▶ [WHAT IS EXPECTED] Leave every image behind and restate the data word for word.

▶ [DATA IN THIS EXERCISE]
========================================================================

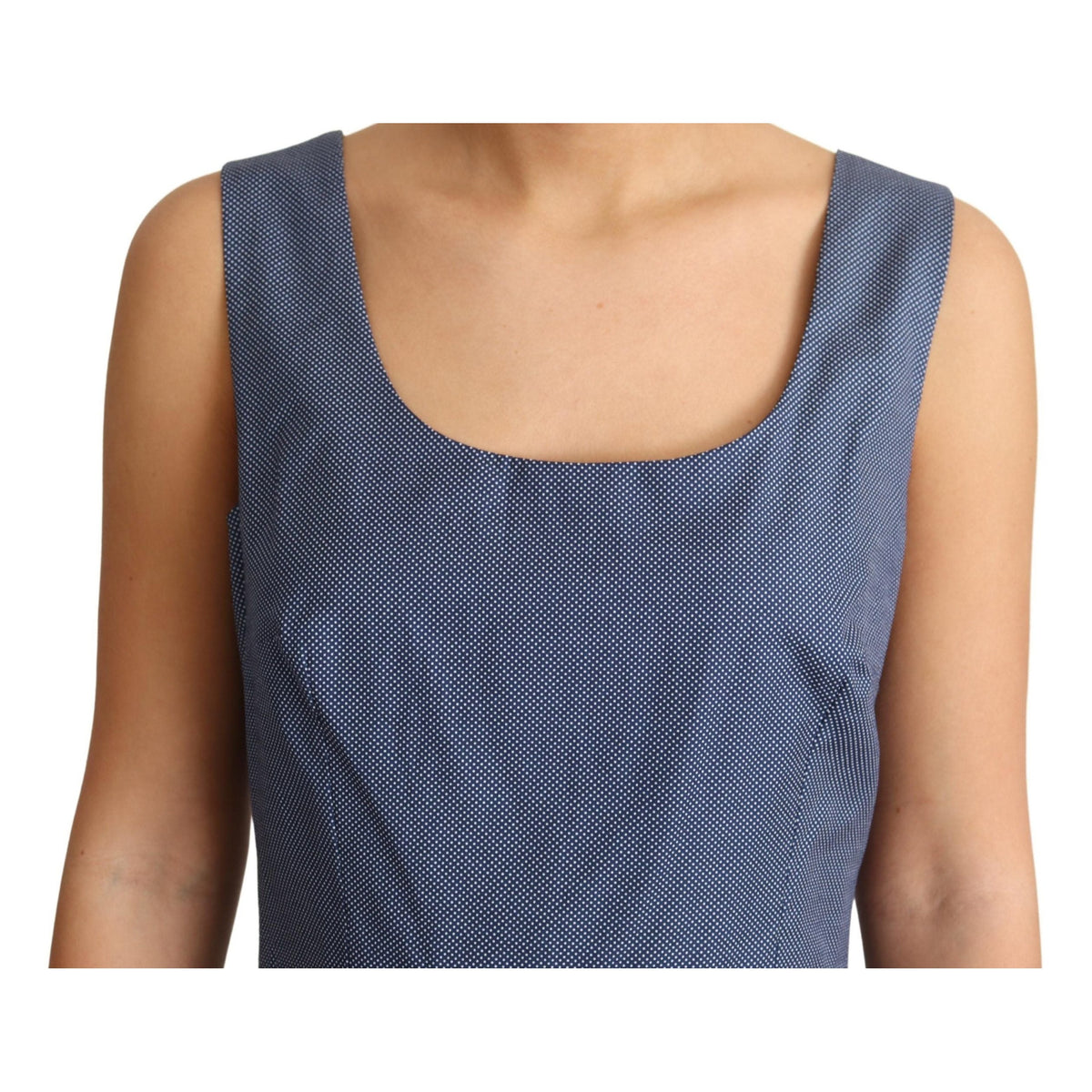 Dolce & Gabbana Blue Polka Cotton A-Line Stretch Dress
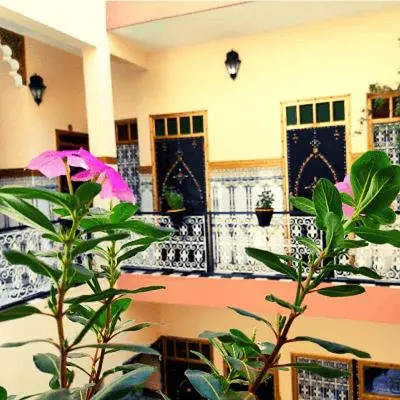 a room with two plants in front of a building at Hotel Zagora in Marrakech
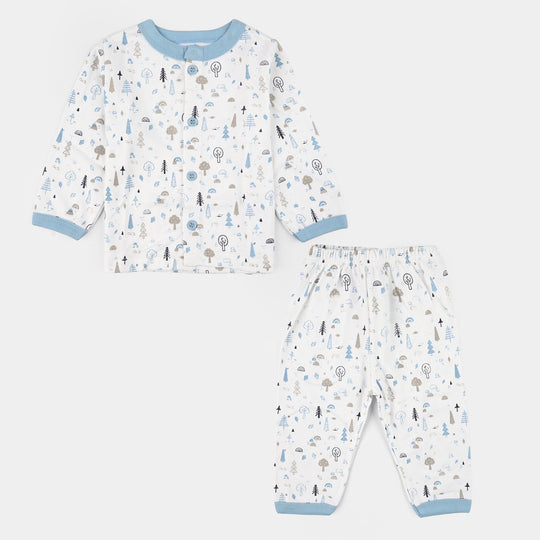 Infant Front Open Suit (Tree Powder) - White/Blue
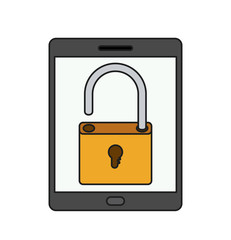 Padlock and tablet icon. Security system warning and protection theme. Isolated design. Vector illustration
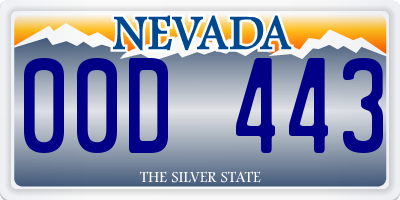 NV license plate 00D443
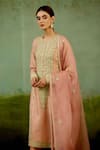 Shop_Shyam Narayan Prasad_Pink Silk, Brocade, Organza Embroidery, Zari Round Zardozi Banarasi Kurta Set _Online_at_Aza_Fashions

========================================================================

▶ [SOLUTION TO THE PROBLEM]
 Dolce & Gabbana Blue Polka Cotton A-Line Stretch Dress
 a room with two plants in front of a building at Hotel Zagora in Marrakech
 Infant Front Open Suit (Tree Powder) - White/Blue
 Padlock and tablet icon. Security system warning and protection theme. Isolated design. Vector illustration
 NV license plate 00D443
 Shop_Shyam Narayan Prasad_Pink Silk, Brocade, Organza Embroidery, Zari Round Zardozi Banarasi Kurta Set _Online_at_Aza_Fashions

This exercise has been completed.